Но исполняли много формально. А почему? Да потому, что исполнять так легче, проще и безответственней. Или знали, что плохо, знали, что ничего полезного не состоится, а все-таки делали. Не сделав, надо отвечать, показать, что без этого исполнения наша работа улучшилась, по крайней мере, не ухудшилась. Показать трудно, особенно для больших систем, перевод которых из одного состояния в другое – штука не простая. Следовательно, и не очень просто доказать целесообразность отказа от выполнения глупого указания. Куда проще продействовать по приказу, прикрыть тем собственную плохую работу еще и ссылкой на выполнение требований вышестоящего руководства.

Прежде чем лечить ( в буквальном и переносном смысле), надо бы всех больных пропустить через психологический практикум и разбить их на несколько категорий. Среди них есть такие, которым достаточно одного слова, что они здоровы, и они тут же таковыми станут. Есть сомневающиеся, которых надо убеждать. Есть верящие – их только и можно лечить так, как нас лечили, лечат и, пока не поумнеем, будут пытаться лечить дальше.

Всем нам нравятся удобные люди из тех, кто беспрекословно выполняют указания и беспрекословно бросаются на любую даже бессмысленную работу.

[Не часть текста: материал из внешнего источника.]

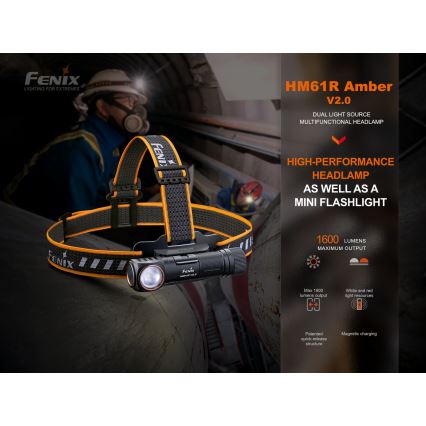 Fenix HM61RV20 - LED Czołówka akumulatorowa LED/USB/2xCR123A IP68 1600 lm 300 h 3400 mAh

А знаем, что производят хлеб и металл и, тем более, изобретают и создают новые полезные вещи люди другого склада: вздорные, спорящие, с которыми нужно обращаться осторожно и заставлять убеждением, а не приказом. Но мои современники воспитывались на философии нетерпимости к инакомыслию и недостаткам других при много большей очевидности своих собственных.

Упрямство, не упорство – черта характера малоприятная. Однако, какая разница в проявлении этого качества у разных людей. У одного она на грани искусства, когда человек в защиту своей позиции, может и неправильной, выдвигает всё новые и новые доводы и удивляет нас изобретательностью и заставляет активно думать: возражать или соглашаться, превращая упрямство в умный спор. В другом случае упрямство обращается в тавтологическую защиту чести мундира и вызывает у оппонента одно раздражение и чувство неловкости за человеческую ограниченность. Ну, не глупость ли в ответ на вполне здравую критику защищать свою позицию, как это делал один директор, ссылкой на то, что его институт «наиболее полно и всесторонне изучает охотничье-промысловое хозяйство страны и располагает для этого обширной научной информацией и громадным заделом во всех отраслях».